BEGIN
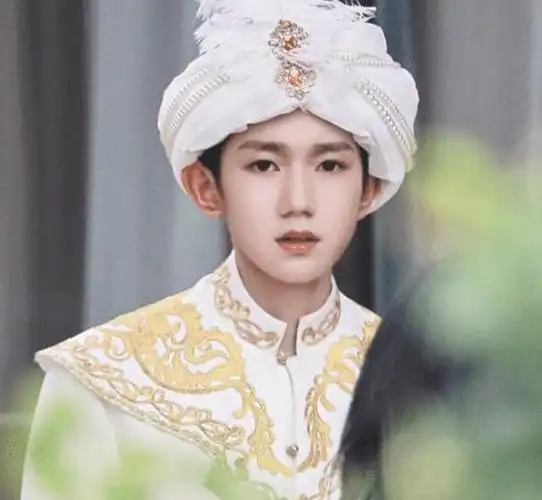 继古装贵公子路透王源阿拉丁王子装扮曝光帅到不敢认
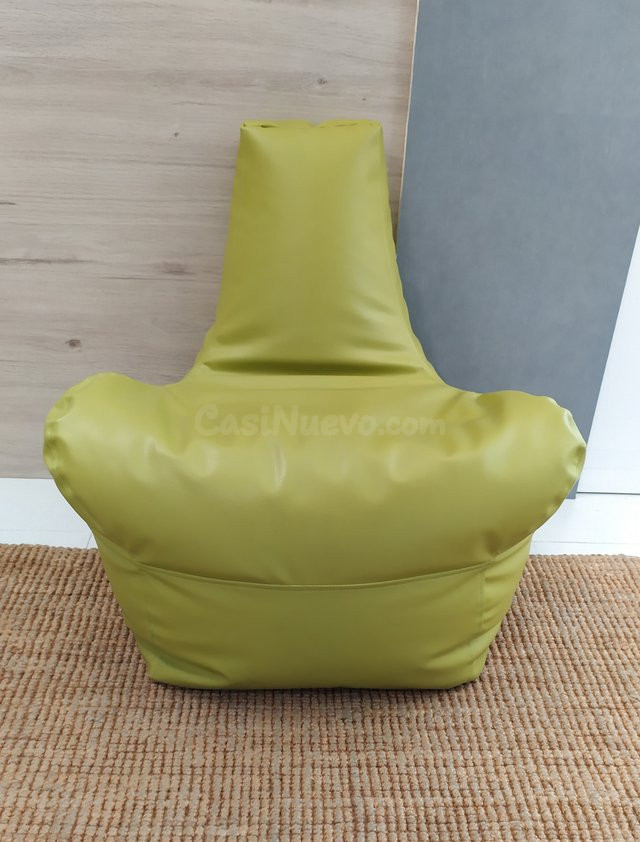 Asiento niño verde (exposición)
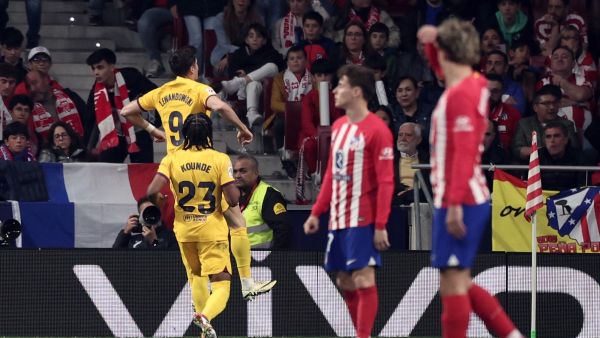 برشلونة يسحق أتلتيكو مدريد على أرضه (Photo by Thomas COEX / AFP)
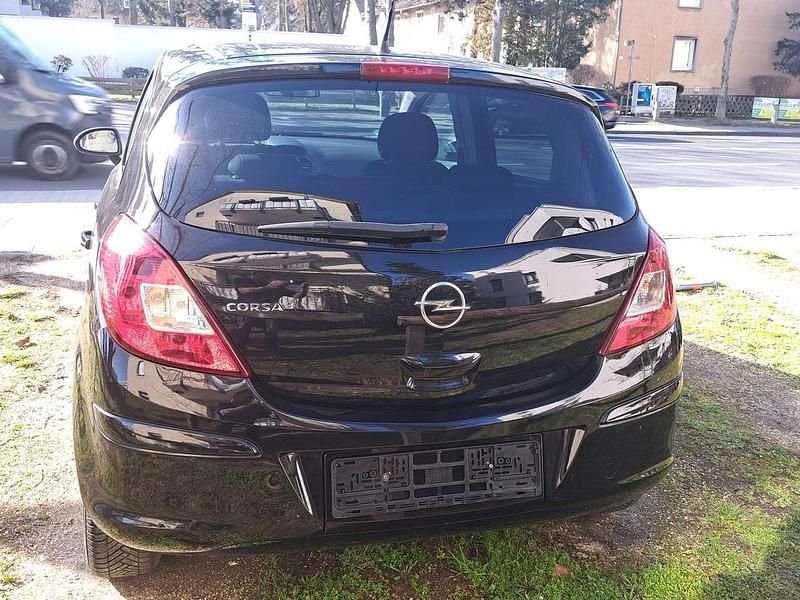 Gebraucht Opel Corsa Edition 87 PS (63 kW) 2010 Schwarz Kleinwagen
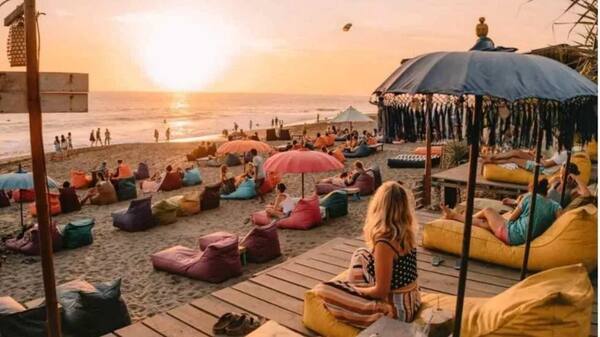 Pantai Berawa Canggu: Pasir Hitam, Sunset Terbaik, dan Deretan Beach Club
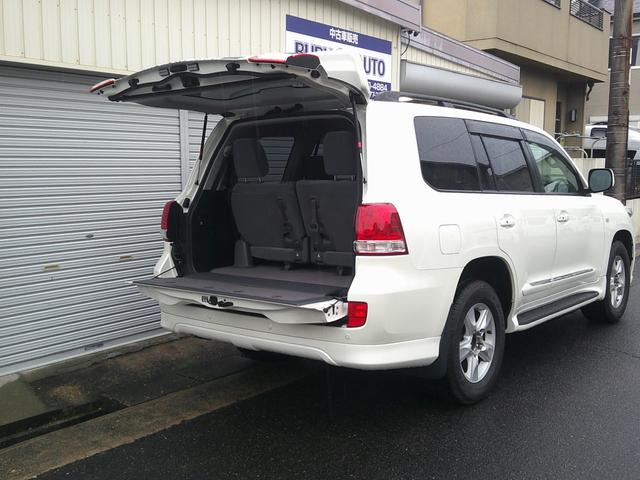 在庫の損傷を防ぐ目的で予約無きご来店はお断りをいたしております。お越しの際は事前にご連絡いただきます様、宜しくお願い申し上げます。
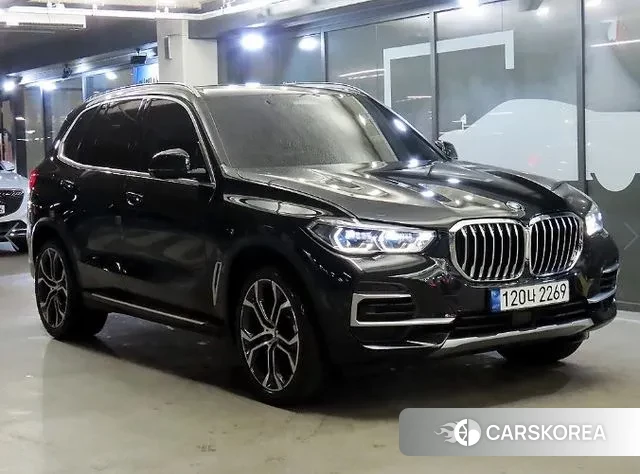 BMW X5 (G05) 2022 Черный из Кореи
END
BEGIN
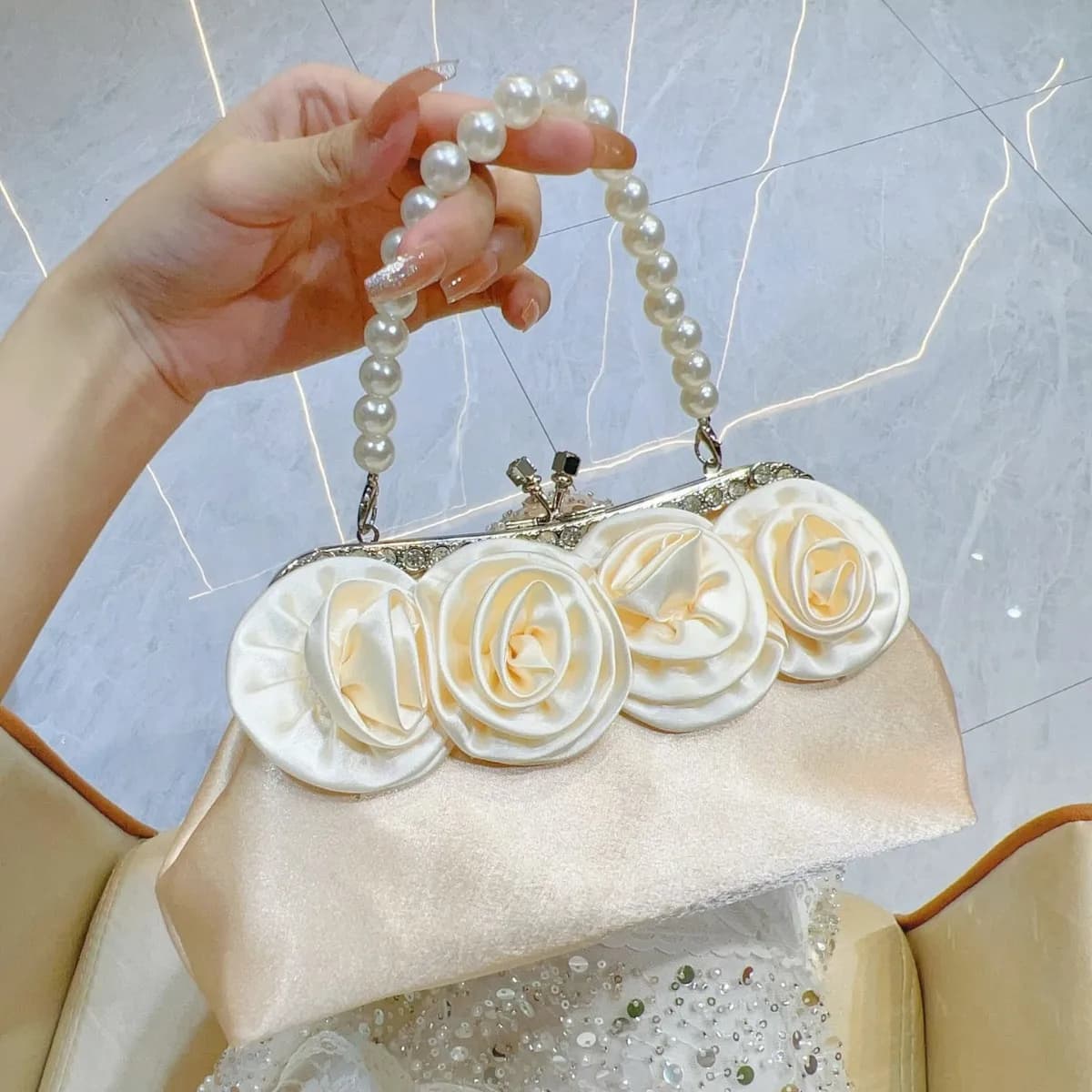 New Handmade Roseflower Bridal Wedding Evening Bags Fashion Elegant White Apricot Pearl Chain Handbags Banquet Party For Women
END
BEGIN
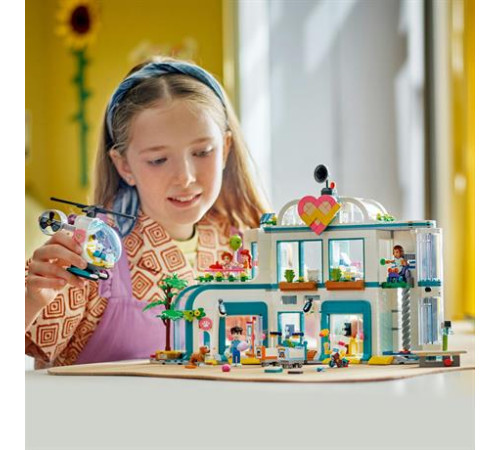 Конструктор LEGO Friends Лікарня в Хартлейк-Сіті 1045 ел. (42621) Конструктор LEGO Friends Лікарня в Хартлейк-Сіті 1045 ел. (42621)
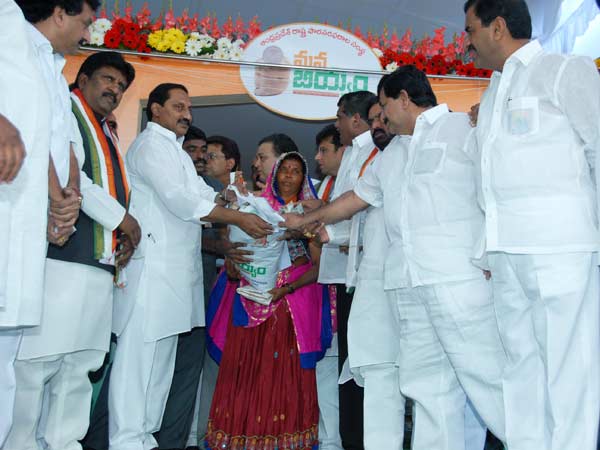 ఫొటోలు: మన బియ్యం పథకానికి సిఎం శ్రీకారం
END
# To do:
Give again the stretch of the entries above that begins at the line with "继古装贵公子路透王源阿拉丁王子装扮曝光帅到不敢认" and ends at the line with "BMW X5 (G05) 2022 Черный из Кореи", word for word, with no pictures.

# Response below:
 继古装贵公子路透王源阿拉丁王子装扮曝光帅到不敢认
 Asiento niño verde (exposición)
 برشلونة يسحق أتلتيكو مدريد على أرضه (Photo by Thomas COEX / AFP)
 Gebraucht Opel Corsa Edition 87 PS (63 kW) 2010 Schwarz Kleinwagen
 Pantai Berawa Canggu: Pasir Hitam, Sunset Terbaik, dan Deretan Beach Club
 在庫の損傷を防ぐ目的で予約無きご来店はお断りをいたしております。お越しの際は事前にご連絡いただきます様、宜しくお願い申し上げます。
 BMW X5 (G05) 2022 Черный из Кореи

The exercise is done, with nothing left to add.